At home in the shop on Cortlandt Street, Cormac’s mind was jittery with warnings about the coming trouble. Something was surely in the air, some kind of trouble, as ominous as the warning of Mary Morrigan, and those issued long ago to the Hebrews, and Mr. Partridge began providing the American context. He was talking almost without cease about a new war and how it was wrecking the economy of New York. Britain was fighting Spain again, this time over Jenkins’s ear. Who was Jenkins? And why (Cormac asked) should anyone care about his ear? The story was splendid. The Spaniards had stopped a British ship in Spanish waters, one of those royal ships whose sole business was hijacking Spanish gold from the Americas. One of the English officers gave the Spanish captain some lip and they cut off his ear. War!
“But it’s hurting New York, lad!” he said. “You can see it everywhere around us!”

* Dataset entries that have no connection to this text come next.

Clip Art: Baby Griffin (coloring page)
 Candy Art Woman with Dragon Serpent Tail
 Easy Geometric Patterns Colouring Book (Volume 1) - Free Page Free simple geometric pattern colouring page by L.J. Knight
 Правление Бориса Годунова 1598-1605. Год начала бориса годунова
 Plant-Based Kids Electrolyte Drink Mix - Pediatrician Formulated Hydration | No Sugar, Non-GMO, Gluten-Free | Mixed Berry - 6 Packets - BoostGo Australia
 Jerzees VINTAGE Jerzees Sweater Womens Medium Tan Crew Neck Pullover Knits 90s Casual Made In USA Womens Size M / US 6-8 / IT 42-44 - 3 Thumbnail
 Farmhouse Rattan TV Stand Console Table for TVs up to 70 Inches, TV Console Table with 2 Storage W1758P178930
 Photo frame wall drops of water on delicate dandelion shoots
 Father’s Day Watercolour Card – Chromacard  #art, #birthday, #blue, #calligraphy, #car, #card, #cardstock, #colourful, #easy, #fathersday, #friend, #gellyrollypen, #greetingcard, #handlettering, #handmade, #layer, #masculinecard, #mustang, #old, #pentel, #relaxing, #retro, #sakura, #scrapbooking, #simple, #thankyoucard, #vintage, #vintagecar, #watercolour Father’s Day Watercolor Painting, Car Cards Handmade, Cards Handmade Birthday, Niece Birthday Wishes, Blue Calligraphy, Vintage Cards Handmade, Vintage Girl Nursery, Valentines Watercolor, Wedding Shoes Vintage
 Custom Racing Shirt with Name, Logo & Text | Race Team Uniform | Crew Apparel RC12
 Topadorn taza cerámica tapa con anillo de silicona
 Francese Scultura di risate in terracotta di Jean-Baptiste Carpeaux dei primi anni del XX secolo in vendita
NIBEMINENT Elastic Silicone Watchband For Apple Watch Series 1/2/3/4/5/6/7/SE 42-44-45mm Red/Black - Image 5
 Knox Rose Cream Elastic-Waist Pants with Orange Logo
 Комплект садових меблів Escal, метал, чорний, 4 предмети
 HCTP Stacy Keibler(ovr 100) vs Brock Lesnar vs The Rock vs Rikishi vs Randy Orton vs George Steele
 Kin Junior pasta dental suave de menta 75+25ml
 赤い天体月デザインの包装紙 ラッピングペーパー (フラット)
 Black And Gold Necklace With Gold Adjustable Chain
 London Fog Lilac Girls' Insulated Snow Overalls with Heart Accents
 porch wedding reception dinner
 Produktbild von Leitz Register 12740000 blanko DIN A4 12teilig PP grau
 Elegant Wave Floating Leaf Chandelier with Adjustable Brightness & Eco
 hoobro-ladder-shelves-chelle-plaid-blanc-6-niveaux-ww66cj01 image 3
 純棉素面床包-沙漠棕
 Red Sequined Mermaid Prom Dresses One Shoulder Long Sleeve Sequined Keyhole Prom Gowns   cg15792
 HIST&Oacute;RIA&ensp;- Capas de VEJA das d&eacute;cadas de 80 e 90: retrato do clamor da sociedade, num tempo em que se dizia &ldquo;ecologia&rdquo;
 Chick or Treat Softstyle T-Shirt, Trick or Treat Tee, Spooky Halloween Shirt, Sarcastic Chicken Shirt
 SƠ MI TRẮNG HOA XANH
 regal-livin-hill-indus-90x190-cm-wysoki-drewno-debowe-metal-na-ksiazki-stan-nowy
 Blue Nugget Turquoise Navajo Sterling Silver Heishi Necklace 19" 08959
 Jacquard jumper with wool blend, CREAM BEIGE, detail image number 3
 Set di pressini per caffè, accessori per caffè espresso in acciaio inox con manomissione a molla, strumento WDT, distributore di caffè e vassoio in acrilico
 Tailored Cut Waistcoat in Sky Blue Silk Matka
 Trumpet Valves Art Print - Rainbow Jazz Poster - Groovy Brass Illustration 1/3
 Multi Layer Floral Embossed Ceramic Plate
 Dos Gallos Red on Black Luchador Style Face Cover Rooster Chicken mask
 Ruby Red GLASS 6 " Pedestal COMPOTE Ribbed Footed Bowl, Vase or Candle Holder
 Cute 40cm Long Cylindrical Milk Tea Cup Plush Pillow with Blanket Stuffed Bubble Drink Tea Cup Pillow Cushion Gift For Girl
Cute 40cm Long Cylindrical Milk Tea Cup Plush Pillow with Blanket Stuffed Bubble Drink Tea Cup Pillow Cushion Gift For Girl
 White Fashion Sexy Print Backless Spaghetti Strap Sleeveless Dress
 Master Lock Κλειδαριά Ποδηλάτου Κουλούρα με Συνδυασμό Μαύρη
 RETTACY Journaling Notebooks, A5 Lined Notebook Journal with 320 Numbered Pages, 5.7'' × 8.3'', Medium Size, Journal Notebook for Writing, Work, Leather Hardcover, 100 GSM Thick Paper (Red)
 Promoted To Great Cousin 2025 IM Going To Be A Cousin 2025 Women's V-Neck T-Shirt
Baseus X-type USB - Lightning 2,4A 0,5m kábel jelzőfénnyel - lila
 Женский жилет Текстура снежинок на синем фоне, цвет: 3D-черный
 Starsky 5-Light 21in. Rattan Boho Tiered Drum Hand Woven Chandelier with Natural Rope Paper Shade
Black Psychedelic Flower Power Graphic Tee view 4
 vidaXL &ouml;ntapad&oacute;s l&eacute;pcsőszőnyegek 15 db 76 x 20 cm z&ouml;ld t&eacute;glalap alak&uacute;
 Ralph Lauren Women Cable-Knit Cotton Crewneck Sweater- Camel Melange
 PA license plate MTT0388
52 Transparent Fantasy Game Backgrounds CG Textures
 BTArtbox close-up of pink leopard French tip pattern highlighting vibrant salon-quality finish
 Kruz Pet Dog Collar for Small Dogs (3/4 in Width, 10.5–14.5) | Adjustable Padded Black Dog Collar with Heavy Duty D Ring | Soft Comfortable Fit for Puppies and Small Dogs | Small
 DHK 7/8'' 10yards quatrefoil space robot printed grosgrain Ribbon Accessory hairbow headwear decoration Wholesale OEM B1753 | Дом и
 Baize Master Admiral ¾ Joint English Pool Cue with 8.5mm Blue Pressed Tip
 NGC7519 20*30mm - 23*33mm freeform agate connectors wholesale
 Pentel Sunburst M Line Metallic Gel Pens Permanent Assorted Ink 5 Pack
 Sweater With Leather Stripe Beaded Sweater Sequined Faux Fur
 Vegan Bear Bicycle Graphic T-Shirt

He reminded Cormac that the fort was emptying, the redcoats marching to the ships each day, bound for the West Indies and Florida to do battle with the Spaniards. That was why the waterfront was such a lonesome place these past weeks. Mr. Partridge insisted that the war wasn’t about poor Jenkins’s ear at all; it was about sugar, tobacco, and Florida.
“The English have Jamaica, and they want Cuba and Hispaniola and Florida so they can bring in another two hundred thousand slaves to make themselves even richer!” he shouted. “They can’t imagine the Spanish will come this far north. They are idiots!”
But as Mr. Partridge ranted, Cormac understood the warnings. The soldiers were going. Now was the time for revolt.
In the following days, the outrage of Mr. Partridge was mixed with a kind of joy. He sizzled with happiness. Together, they worked all one night making broadsides at their own expense, headlined “We will win!” All sorts of patriotic nonsense (as Mr. Partridge described it), expressing immense anger over the fate of Mr. Jenkins’s ear, using a medical engraving of an ear repeated fifty times as a border. He attacked the Spanish affront to justice and the law, and urged all the King’s loyal subjects to support the noble British war, wherever it might go. Mr. Partridge was merry as he set type. But he had motives other than patriotism.